Work item: The reply should contain all the data below, repeated exactly, and none of the images.

Collected material:

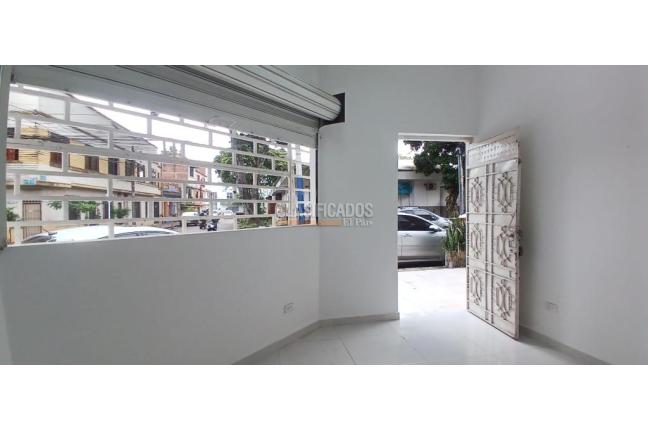 Locales y Bodegas, Alquiler, Alameda - $800.000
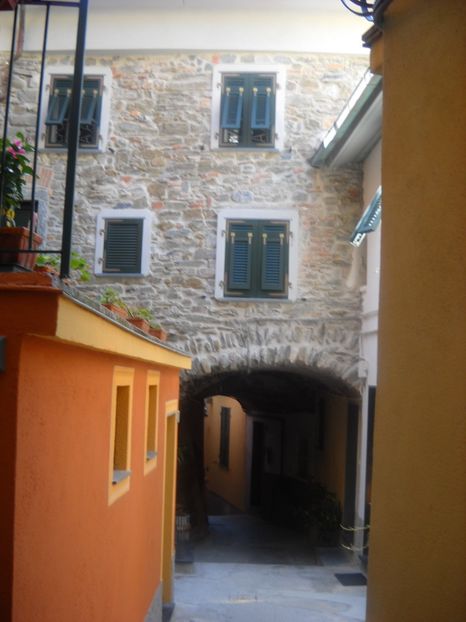  - 2009 VACANTA CINQEQ TERRE ITALIA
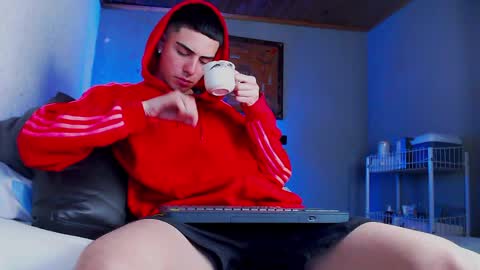 Snapshot of ryannhill_ chatting on 8, 4, 2026 Ryannhill online show from 8, 4, 2026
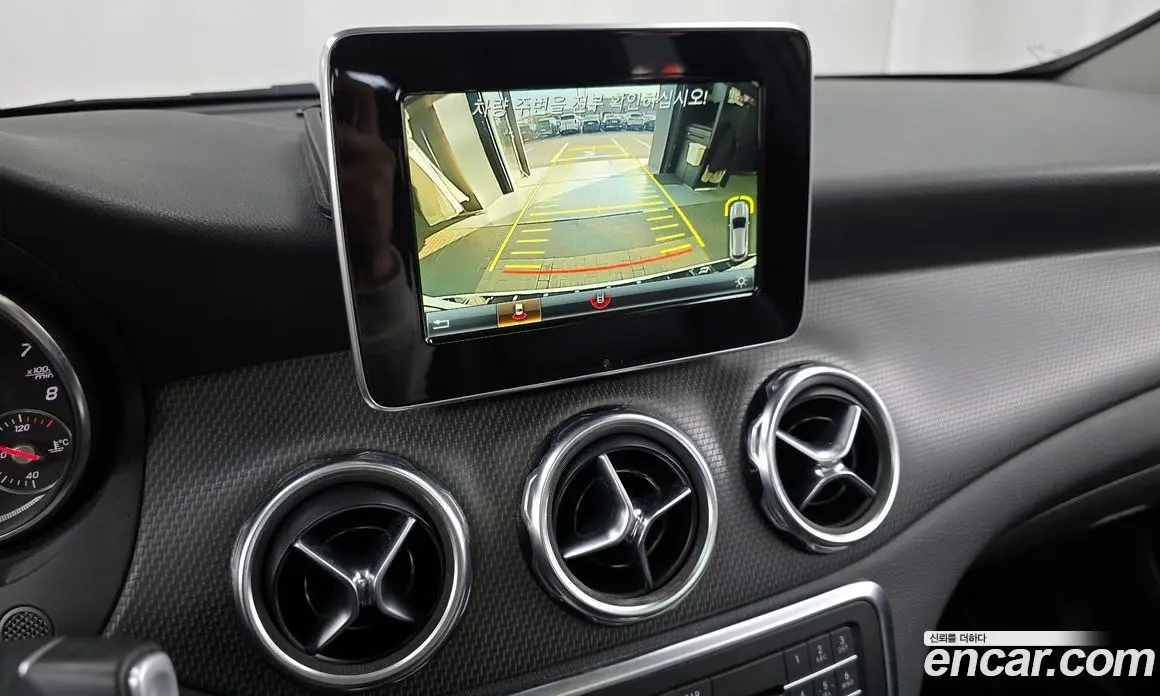 Mercedes-Benz GLA-Class 2017 2.0 автомат (гидро), фото 15 Mercedes-Benz GLA-Class 2017 2.0 автомат (гидро), фото 15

Answer to this problem:
 Locales y Bodegas, Alquiler, Alameda - $800.000
  - 2009 VACANTA CINQEQ TERRE ITALIA
 Snapshot of ryannhill_ chatting on 8, 4, 2026 Ryannhill online show from 8, 4, 2026
 Mercedes-Benz GLA-Class 2017 2.0 автомат (гидро), фото 15 Mercedes-Benz GLA-Class 2017 2.0 автомат (гидро), фото 15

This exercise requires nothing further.